Image Source: Getty / Victoria Sirakova
It’s a great time to be Judy Blume. In April, the onscreen adaptation of “Are You There God? It’s Me, Margaret” made its way to cinemas, 53 years after the seminal YA novel was first released in 1970. In the film, directed by Kelly Fremon Craig, Abby Ryder Fortson plays Margaret with Rachel McAdams as her creative mom, Barbara. That same month, Amazon Prime Video also released a documentary about Blume, titled “Judy Blume Forever.” For someone who has spent much of the past few decades out of the spotlight, has all the renewed attention been jarring?
“I love this movie so much. It’s my heart. It’s everything,” Blume tells POPSUGAR of “Are You There God?” But when it comes to the documentary, it’s a little more complicated. “It’s a very weird thing and a different thing,” she says. “I feel good celebrating ‘Margaret.’ I feel strange celebrating myself.
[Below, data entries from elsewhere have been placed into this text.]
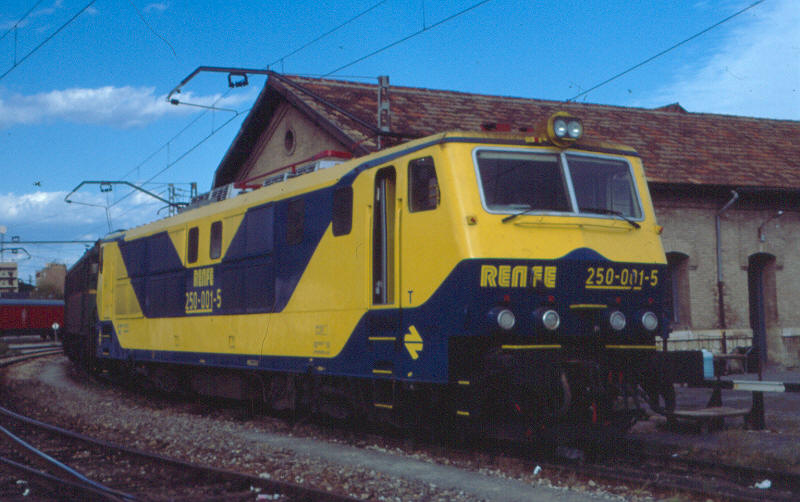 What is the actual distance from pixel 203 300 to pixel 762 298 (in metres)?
13.6

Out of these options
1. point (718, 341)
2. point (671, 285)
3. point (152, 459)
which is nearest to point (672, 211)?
point (671, 285)

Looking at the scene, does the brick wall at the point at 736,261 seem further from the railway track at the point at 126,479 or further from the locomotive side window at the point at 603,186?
the railway track at the point at 126,479

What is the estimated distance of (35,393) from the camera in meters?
18.3

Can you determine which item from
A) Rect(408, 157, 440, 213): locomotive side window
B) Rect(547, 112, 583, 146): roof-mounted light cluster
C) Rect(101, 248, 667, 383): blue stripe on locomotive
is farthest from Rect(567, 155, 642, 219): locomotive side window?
Rect(408, 157, 440, 213): locomotive side window

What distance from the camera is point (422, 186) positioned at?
867 cm

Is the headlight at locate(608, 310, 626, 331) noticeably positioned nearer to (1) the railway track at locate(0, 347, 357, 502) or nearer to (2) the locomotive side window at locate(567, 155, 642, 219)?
(2) the locomotive side window at locate(567, 155, 642, 219)

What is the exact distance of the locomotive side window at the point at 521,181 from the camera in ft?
27.4

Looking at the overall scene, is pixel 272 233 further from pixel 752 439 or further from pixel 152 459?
pixel 752 439

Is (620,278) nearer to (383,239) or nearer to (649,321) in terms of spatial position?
A: (649,321)

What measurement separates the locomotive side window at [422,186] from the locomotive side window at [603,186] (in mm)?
1405

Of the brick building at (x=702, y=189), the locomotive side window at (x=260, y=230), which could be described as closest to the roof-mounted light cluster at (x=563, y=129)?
the locomotive side window at (x=260, y=230)

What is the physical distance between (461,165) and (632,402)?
2812 millimetres

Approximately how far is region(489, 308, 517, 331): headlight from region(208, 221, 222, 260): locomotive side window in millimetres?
5888

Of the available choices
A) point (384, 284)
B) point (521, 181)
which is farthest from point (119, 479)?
point (521, 181) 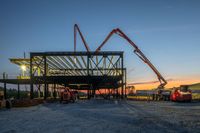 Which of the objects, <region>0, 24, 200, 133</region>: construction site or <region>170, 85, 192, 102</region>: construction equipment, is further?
<region>170, 85, 192, 102</region>: construction equipment

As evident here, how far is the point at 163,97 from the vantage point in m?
33.7

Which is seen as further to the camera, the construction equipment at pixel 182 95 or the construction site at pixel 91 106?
the construction equipment at pixel 182 95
But I’m very pleased with that documentary.” She’s particularly glad that the documentary goes into the censorship her books faced in the ’80s – the type of ban that is, sadly, becoming increasingly commonplace in America – and that it spotlighted some of the letters she received from kids over the years. She even met some of those children as adults.
Speaking on book banning, she says, “It never occurred to me that any of this would happen again. This is kids, right? Puberty is a good thing. It’s going to happen to your kids, whether you like it or not, moms, so you better get ready.” The “best thing” parents can do for their children is to be able to talk about the challenges of growing up, not hide them. And Blume’s books have always been honest when it comes to topics like sex, puberty, love, death, and other “adult” topics kids inevitably face.
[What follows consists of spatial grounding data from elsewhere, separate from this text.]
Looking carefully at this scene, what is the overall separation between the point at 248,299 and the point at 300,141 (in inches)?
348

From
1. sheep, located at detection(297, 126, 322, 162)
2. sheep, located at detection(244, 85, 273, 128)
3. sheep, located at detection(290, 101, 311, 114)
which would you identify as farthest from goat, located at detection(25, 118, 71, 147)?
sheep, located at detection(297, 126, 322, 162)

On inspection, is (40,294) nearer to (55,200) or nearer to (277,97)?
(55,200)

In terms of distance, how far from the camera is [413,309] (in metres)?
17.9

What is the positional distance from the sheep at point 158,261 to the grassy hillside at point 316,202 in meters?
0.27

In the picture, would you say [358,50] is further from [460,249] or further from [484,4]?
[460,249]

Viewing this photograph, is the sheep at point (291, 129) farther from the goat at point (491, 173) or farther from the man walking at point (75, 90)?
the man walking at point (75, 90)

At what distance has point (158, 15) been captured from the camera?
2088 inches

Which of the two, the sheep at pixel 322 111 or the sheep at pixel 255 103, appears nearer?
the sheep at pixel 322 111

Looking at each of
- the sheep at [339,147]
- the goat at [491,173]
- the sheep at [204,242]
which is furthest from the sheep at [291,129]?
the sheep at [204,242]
Blume has also been to some recent events where she’s run into celebrity fans, but she’s a little shy about discussing them. “Are You There God?” director Fremon Craig is not. “Judy was a complete rock star,” she tells POPSUGAR of a gala they attended together. “There were a million celebrities in that room, and they all wanted to talk to Judy.” Blume also cofounded a nonprofit bookstore in Key West, FL, and she says a lot of women come into the store and cry when they meet her. She explains, “It’s because I take them back to their childhoods. They look at me, they remember. And that’s all very sweet.”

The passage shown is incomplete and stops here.